The study, published in Proceedings of the National Academy of Sciences (PNAS), describes a family of molecules known as 'sugar aziridines.' These compounds are inspired by the widely used flu drug Oseltamivir (Tamiflu), but are designed to act in a fundamentally different way.

A stronger way to stop the flu virus

Influenza viruses rely on a surface enzyme called neuraminidase to spread from infected cells to healthy ones. Neuraminidase is also the target of today’s frontline flu medicines, which many countries stockpile as part of their pandemic preparedness plans. Current antiviral drugs, including oseltamivir, work by temporarily blocking this enzyme.

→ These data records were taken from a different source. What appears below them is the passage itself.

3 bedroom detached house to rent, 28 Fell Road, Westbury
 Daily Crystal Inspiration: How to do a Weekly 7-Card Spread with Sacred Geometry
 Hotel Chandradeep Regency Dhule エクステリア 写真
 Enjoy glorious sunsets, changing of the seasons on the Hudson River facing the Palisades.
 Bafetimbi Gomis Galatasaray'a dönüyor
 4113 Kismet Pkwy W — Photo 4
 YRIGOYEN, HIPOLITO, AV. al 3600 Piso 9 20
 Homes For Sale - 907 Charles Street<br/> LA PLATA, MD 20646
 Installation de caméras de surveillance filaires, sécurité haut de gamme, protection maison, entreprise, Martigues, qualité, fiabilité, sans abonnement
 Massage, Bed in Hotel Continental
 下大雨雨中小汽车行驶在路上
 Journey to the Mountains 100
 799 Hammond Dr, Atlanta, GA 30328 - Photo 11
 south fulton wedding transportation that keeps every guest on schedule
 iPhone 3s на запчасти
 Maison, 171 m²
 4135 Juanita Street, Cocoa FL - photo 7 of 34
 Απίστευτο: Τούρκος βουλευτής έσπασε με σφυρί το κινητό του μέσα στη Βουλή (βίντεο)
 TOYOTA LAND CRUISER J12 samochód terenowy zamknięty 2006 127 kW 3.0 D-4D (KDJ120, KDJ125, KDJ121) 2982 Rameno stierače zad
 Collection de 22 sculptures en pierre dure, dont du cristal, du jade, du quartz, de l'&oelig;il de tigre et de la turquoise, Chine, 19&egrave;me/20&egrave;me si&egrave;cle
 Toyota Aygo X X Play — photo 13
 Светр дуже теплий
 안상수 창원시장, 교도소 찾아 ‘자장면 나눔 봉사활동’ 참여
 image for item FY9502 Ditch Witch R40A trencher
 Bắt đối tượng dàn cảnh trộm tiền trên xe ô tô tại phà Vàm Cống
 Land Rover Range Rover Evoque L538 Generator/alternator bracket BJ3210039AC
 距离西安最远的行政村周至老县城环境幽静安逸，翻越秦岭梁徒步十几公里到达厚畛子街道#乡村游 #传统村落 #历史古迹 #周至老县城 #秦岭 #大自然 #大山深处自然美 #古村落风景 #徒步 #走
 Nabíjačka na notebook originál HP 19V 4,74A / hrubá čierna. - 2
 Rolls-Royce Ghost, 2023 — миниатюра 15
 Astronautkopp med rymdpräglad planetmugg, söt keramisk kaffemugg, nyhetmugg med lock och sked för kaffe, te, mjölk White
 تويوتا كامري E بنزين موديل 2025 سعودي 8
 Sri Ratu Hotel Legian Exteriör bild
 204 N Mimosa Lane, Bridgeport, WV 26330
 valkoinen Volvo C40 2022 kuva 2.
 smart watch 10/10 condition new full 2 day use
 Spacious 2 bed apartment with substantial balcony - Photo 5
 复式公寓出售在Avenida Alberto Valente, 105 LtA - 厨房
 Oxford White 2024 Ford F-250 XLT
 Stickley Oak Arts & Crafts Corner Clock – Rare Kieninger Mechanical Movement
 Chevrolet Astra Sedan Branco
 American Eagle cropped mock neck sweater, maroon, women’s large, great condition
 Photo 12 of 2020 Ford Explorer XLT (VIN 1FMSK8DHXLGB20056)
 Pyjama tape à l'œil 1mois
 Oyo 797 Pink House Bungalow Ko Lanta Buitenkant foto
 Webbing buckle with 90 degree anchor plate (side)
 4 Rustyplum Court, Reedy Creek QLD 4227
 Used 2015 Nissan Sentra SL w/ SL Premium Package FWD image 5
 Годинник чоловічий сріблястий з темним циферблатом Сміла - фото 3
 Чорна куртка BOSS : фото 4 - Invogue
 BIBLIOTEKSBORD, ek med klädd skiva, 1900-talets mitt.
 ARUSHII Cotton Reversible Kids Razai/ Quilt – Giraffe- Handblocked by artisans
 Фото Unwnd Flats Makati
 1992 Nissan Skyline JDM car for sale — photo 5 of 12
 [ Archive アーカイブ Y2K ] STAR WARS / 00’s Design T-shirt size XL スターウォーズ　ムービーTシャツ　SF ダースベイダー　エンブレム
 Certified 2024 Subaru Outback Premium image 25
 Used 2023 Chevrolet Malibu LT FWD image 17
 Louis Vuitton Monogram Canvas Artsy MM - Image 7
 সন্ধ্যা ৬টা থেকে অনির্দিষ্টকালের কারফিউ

The newly developed sugar aziridines go a step further. First, they mimic a brief, critical stage in the enzyme’s chemical reaction, called the transition state, which allows the compounds to bind very tightly. Then, unlike existing drugs, they form a covalent (permanent) bond with the enzyme, effectively locking it in an inactive state.

Inspired by Tamiflu — redesigned to go further

To create this new class of inhibitors, the researchers modified the Tamiflu molecule by replacing a small chemical group (an alkene) with an aziridine ring in the appropriate configuration. This ring acts as a reactive “warhead,” enabling the permanent bond with the enzyme and thereby overcoming the reversible action of current flu drugs.

In lab tests following World Health Organization (WHO) guidelines, several of the compounds strongly blocked flu viruses from infecting cells. They were particularly effective against H3N2, one of the main viruses responsible for seasonal flu in humans, but also effectively inhibited neuraminidase from avian influenza strains such as H5N1, also known as bird flu.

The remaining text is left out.